An unchanged copy of all the lines below is expected, and it should contain no pictures.

(GIVEN INFORMATION)
────────────────

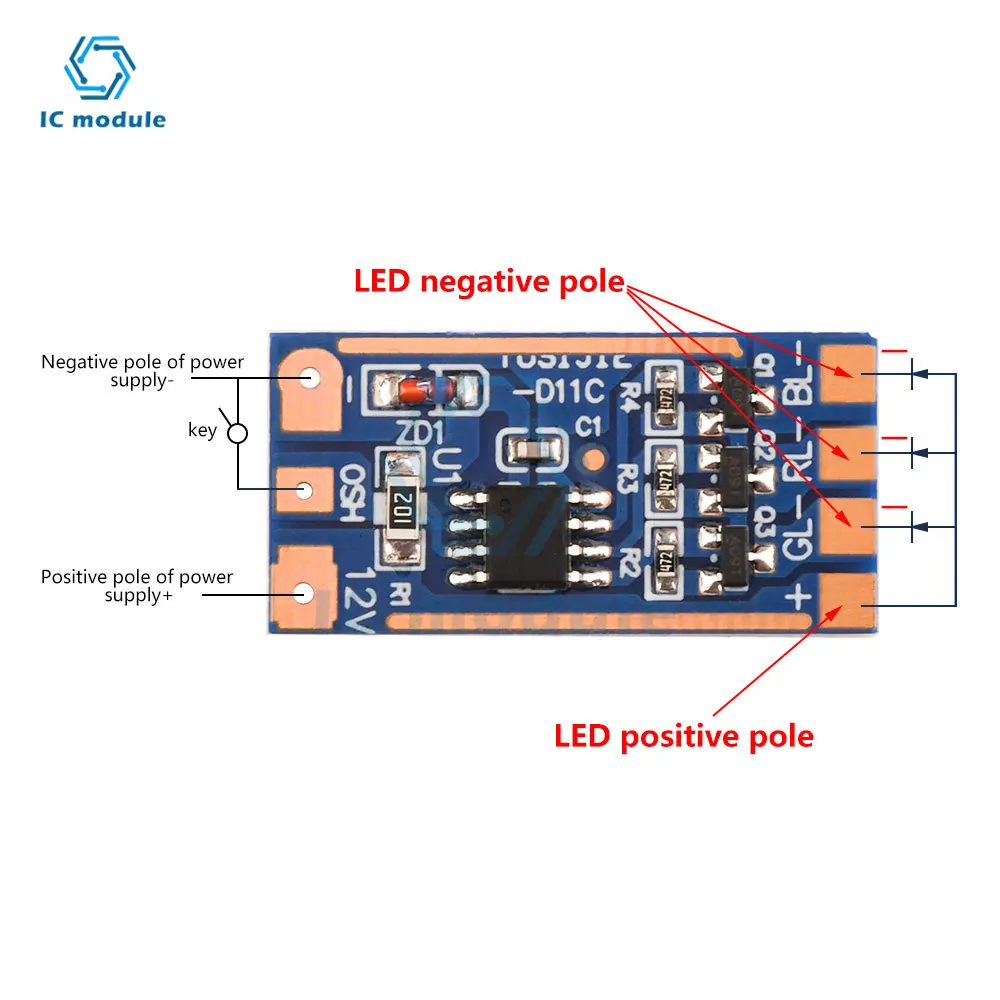 DC5-12V RGB Flashing Light Module 11 Kinds Of Mode Button Switch Phantom Light Module High Current Drive Module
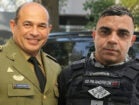 Ilustração gerada por inteligência artificial referente ao resgate de criança por policial militar em Delmiro Gouveia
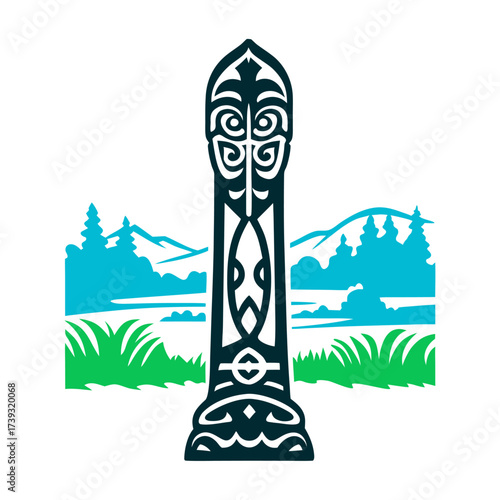 Pouwhenua Carved Marker with Landscape Silhouette Carved land boundary marker Pouwhenua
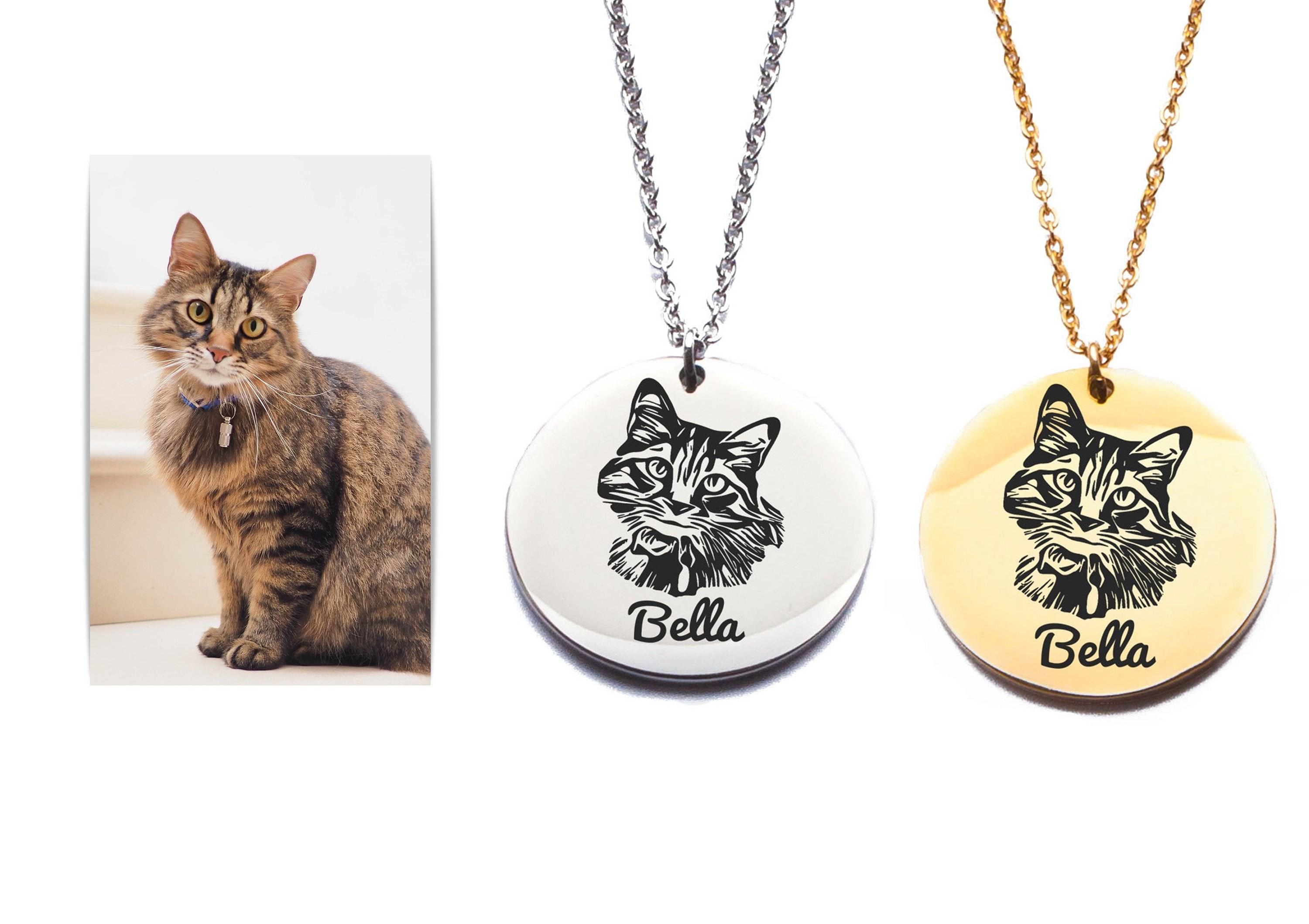 Cat Necklace Personalized Cat Memorial Jewelry Pet Loss Gifts Etsy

────────────────

(TASK RESPONSE)
 DC5-12V RGB Flashing Light Module 11 Kinds Of Mode Button Switch Phantom Light Module High Current Drive Module
 Ilustração gerada por inteligência artificial referente ao resgate de criança por policial militar em Delmiro Gouveia
 Pouwhenua Carved Marker with Landscape Silhouette Carved land boundary marker Pouwhenua
 Cat Necklace Personalized Cat Memorial Jewelry Pet Loss Gifts Etsy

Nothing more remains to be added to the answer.